Mary Catherine’s question “If you were an archive which archive would you be?” got me thinking: what sort of archive would I be? What sort of materials would I collect and what would I not collect? Would my scope be broad or narrow? Which materials would I choose to ignore? These questions brought attention to the macro- and micro- decision making that goes into the collecting of an archive. They also shed a light onto the decision making that goes on to choosing our own research practices. Why do we gravitate towards certain objects more than others?

The flow chart outlining the structure of the archive served as a reminder that it’s also another institution. These curators and archivists have bosses. The NYPL as a public institution relies on government funding. The fact that the library closes early speaks to fluctuating funding practices over the years. But we still get access to the material and can touch material without an archivist hounding over us.

Field trip to the Morgan Library

I found the format of our visit to the Morgan Library to be very effective. We began with an overview of collections and research procedures from Head of Reader Services María Isabel Molestina that painted a clear picture of what it would be like to do research at the Morgan, from the broader question of how to secure permission and reading space to the quotidian specifics (pick a locker; wash your hands!). This made the idea of doing primary source research at the Morgan feel accessible and open.

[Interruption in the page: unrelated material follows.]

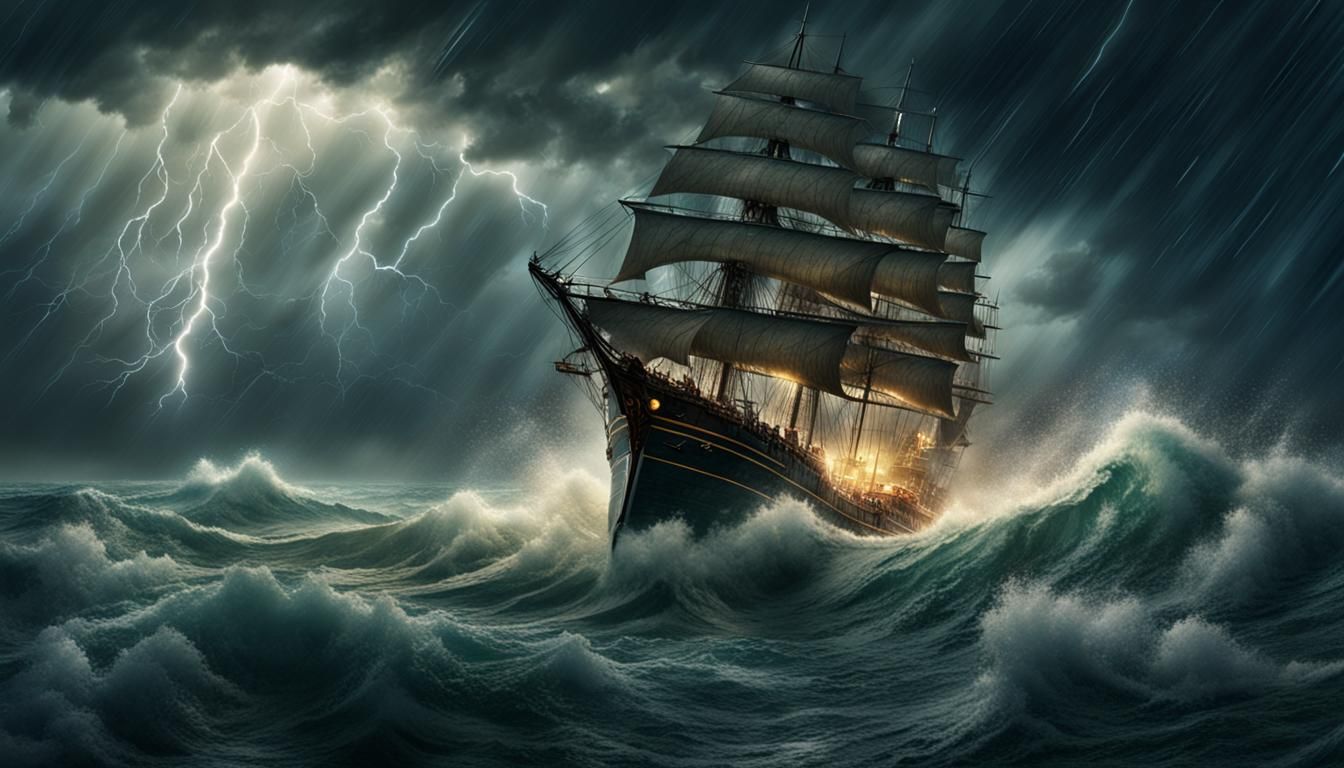 A perilous journey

Then we moved from that procedural overview to a focus on several case studies using materials pulled for us from the collection. The curator’s enthusiasm for the materials and the kinds of questions and problems they posed was palpable; to me, that conveyed a sense of the real joy of doing archival research once you’re deeply engaged with your material(s). In our Schomburg visit from the week before, we spoke in generalities about issues like digitization and when/why having access to original documents is desirable, but without concrete objects that instantiated these issues, it wasn’t so easy to imagine concrete instances in which they would apply. At the Morgan, we saw firsthand a letter not included in a published historical record that appears and presents itself as a comprehensive print edition of correspondence in the collection from which it comes: an example of the way the print record can actually obscure objects in the archive by simultaneously ignoring them and making it seem unnecessary to return to the originals at all.

I very much appreciated, too, the constellation of possibilities represented by the full Paris Review interview draft in conjunction with the published interview and the available audio files. This case study showed that even recent, thoroughly archived material can raise potentially unanswerable questions.

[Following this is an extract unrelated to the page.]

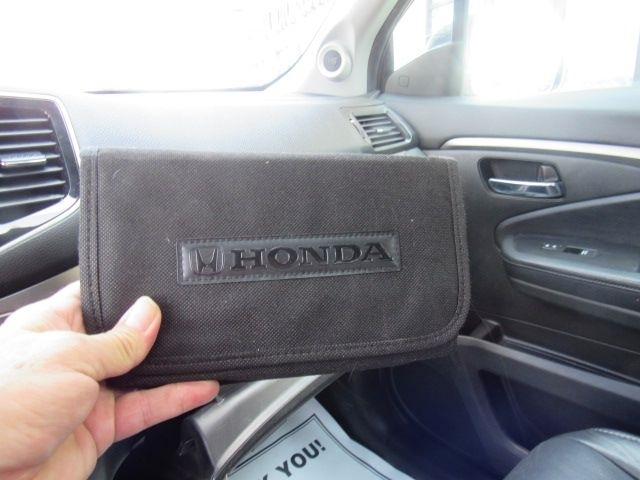 Honda Pilot EXL 4WD 2019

A Visit to the Schomburg Center

Knowing very little about the Schomburg Center before our visit, I found our trip to be highly insightful.  From our very friendly and informative tour guide Brian Jones we learned a bit about the history of the Center:  how the NYPL Division of Negro Literature, History, and Prints–the forerunner to the Schomburg Center proper–acquired Arturo Schomburg’s massive personal collection of books, paintings, and pamphlets in 1926 (and subsequently renamed the division in honor of his legacy), as well as how integral the Center was to become in shaping the life and community of Harlem residents.

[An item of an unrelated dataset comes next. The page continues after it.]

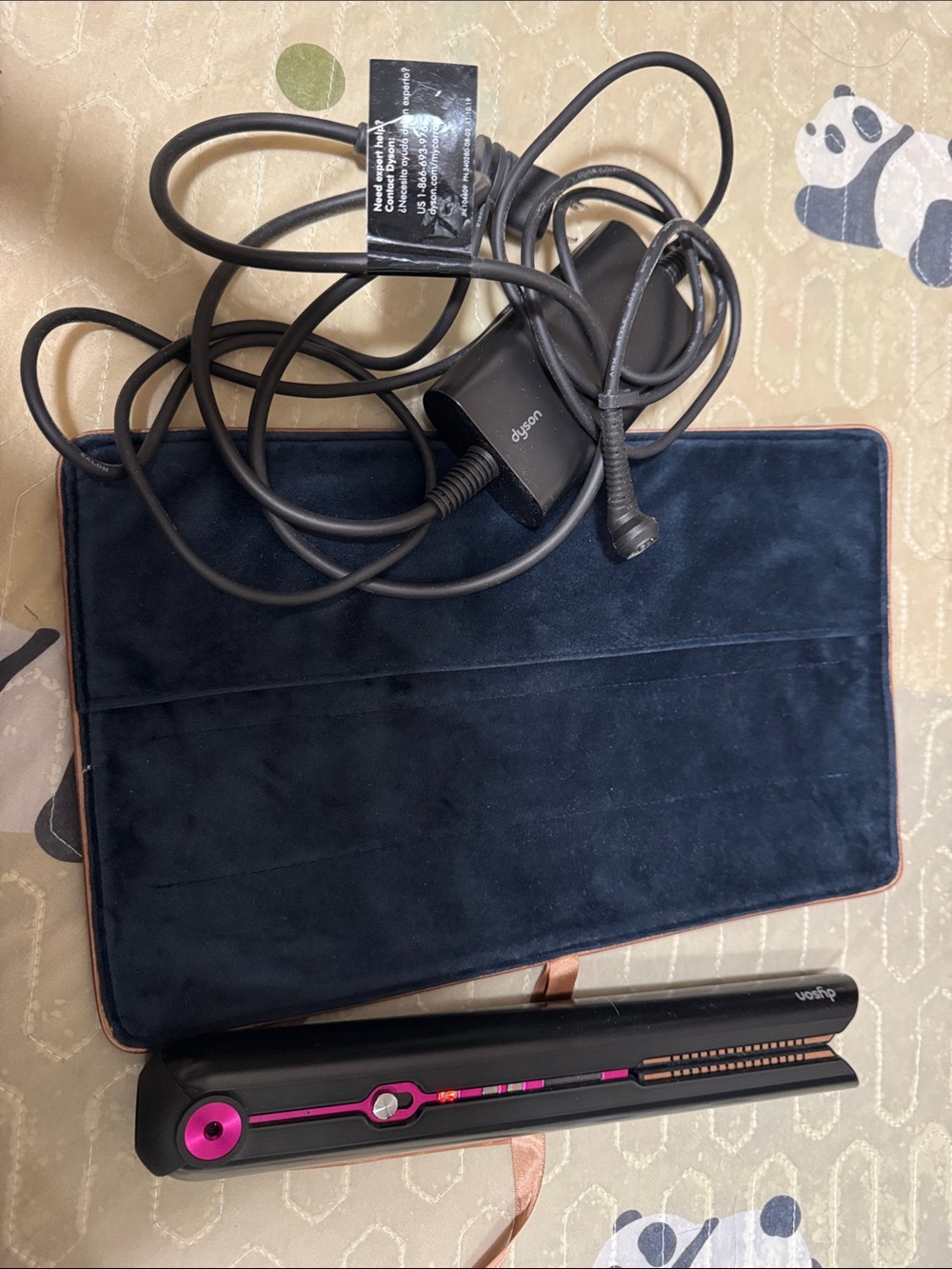 Dyson hair straightener (Non-Working)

It is perhaps in considering this aspect of “community” that I found the most value in our visit.  It is easy to imagine archives as being stuffy, self-contained, and hermetically sealed spaces which rarely see visitors or the light of day.  In other words, they can tend to foreclose the idea of community rather than invite it.  In one sense, the archives at the Schomburg Center are indeed “closed off” like other archives in that there are first steps and procedures one must take in order to access the materials.  This is often the case simply for very practical reasons:  although they seem to welcome walk-in researchers, one should often contact curators beforehand about specific items one would like to view, simply in order to make sure it is actually on-site and not stored in a warehouse.  For certain extremely rare, valuable, or fragile items, there does also seem to be (from what I could gather from the curator of the Manuscripts, Archives, and Rare Books division) an internal vetting process in order to properly protect the materials.

Despite this, it seems clear that the Schomburg is unlike many other archives in that it is actively devoted to building community and civic engagement.  Using the archive as its foundation and its basis, the Center branches out into many ancillary areas of public life.  That the Center holds public exhibitions of its archival material (with the current exhibition representing the life and travels of MLK) is a testament to their desire to foster and sustain community engagement. The gallery space acts as an invitation to people of all walks of life, rather than just scholars and academics. Walking into the Schomburg, one notices how bright, airy, and vibrant the space is; people are everywhere chatting, reading, or taking part in community events. Although we didn’t get to tour through it, the Center also contains the Langston Hughes Auditorium in which concerts, forums, lectures, and performances take place.  Other tours and events were even being conducted as we were ourselves touring, but we did get the chance to glimpse the American Negro Theater and examine the Cosmogram floor mosaic on our way out.

Overall, our visit to the Schomburg inspired me to continue to think about the ways in which archives can foster, promote, and sustain communities.  Although one cannot borrow from the Schomburg’s holdings (being a research library), there is certainly a great deal else from the Center that we can take away with us.

Schomburg Center Visit

Why would you wanna be here? What do you see here? Simple but provocative questions. After the Schomburg Center visit I’ve been mulling over these questions. I took some notes during the course of the visit but those observe what was said. What struck me were some of the things the archivists said: before you visit an archive, search their online catalogs. Familiarize yourself with the collections. Think about what it is you’re looking for when you’re looking through these collections. Once you visit the archivist they’ll have a better an easier time guiding you meaningfully to collections and works that you’re searching for. Cite your sources properly.

What motivates a collection might not be so simple and clear-cut. As we’ve learned during the visit, items get divided up according to the logic of said-archive. The Schomburg has five divisions: a research and reference division, a manuscripts and rare books division, an art and artifacts division, and photographs division. According to this logic, a letter and photograph would not end up in the same division. As we’ve learned a donor’s wishes would supersede the archives organizational logic. A letter may be paired with a photograph in the instance that a donor wishes for it. Keeping these in mind, the Schomburg visit is another reminder that we as researchers working within the archives must think not only about the organizational logic of the curator and institution but the logic of the donor. These instances raise more questions: what motivates donors and archivists to organize their materials in particular ways?

Archivists wants to help. They’re clearly amazing resources. In class we’ve discussed the notion of serendipity in relation to the archives. When searching the Schomburg Center’s online catalog I had no clear-cut goal—I serendipitously wandered the collections that emerged within the homepage. I couldn’t find everything I wanted. The visit reminded me—and taught me—that the archivist is an invaluable resource. Their knowledge and experience navigating the archives can aid us in our own projects.

Reflecting on the Schomburg Center visit, I realize there’s a need to understand the history and objective of said archives. The Schomburg Center collects and preserves materials focused on African American, African diaspora, and African experiences. It goes back to my initial question on why anyone would want to explore materials housed at the Schomburg Center. Scholars and researchers interested in the African American experience and cultural history would definitely find a reason to study materials here.